Dr. Jennifer Cho Contributes Article to Special Issue of Women's Quarterly

Dr. Jennifer Cho, AAST Senior Lecturer, contributed an article to the special issue of Women's Quarterly (WSQ). Since 1972 WSQ has been an interdisciplinary forum for the exchange of emerging perspectives on women, gender, and sexuality. Its thematic, special issues combine psychoanalytic, legal, queer, cultural, technological, and historical work to present the most exciting new scholarship on ideas that engage popular and academic readers alike. The general editors of this peer-reviewed, biannual journal are Victoria Pitts-Taylor and Talia Schaffer at The Graduate Center, CUNY.
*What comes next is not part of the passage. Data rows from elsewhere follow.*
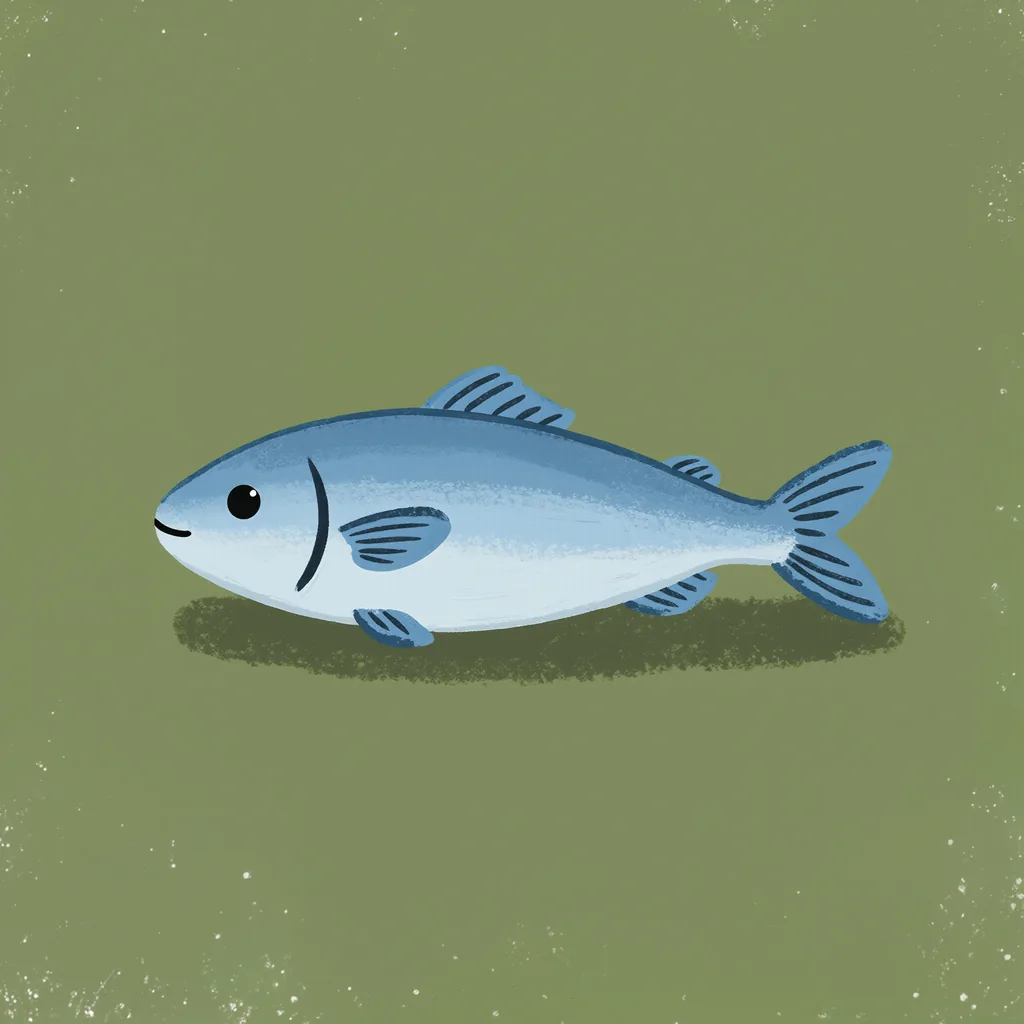 fish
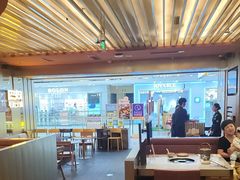 -巴奴毛肚火锅(二七万达店)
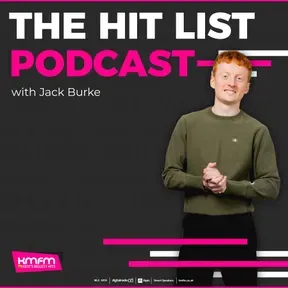 The Hit List Podcast with Jack Burke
Dr. Cho’s article is titled “The Kiss and the Cut”: Reassembling the Techno-Orientalist Clone through Multispecies Grief and Intimacy in Larissa Lai’s The Tiger Flu.’ This article queries the revision of techno-Orientalist tropes in Larissa Lai’s 2018 novel The Tiger Flu, focusing primarily on how Lai repossesses the figure of the Asian female clone and imagines her as a formidable site of radical feminist, decolonial, and anti-capitalist knowledge in a time of planetary erosion and pandemic. Dr. Cho posits that Lai breaks the lineage of techno-Orientalist formations through the survivalist impulses of the Grist Sisters, a species of bioengineered clone factory workers, who move towards abolition from capitalism and compulsory heterosexuality by developing autonomous practices of reproduction, organ transplantation, and inter-generational storytelling. Through the Grist Sisters’ physical and symbolic acts of interdependent reliance and survival, Lai forges multispecies intimacies and embodiments as exertions of a radical politics of care that includes Asian American “women.” Further, Lai’s future world-building centers the multispecies grief of the Grist Sisters as a potent expression of feminist solidarity.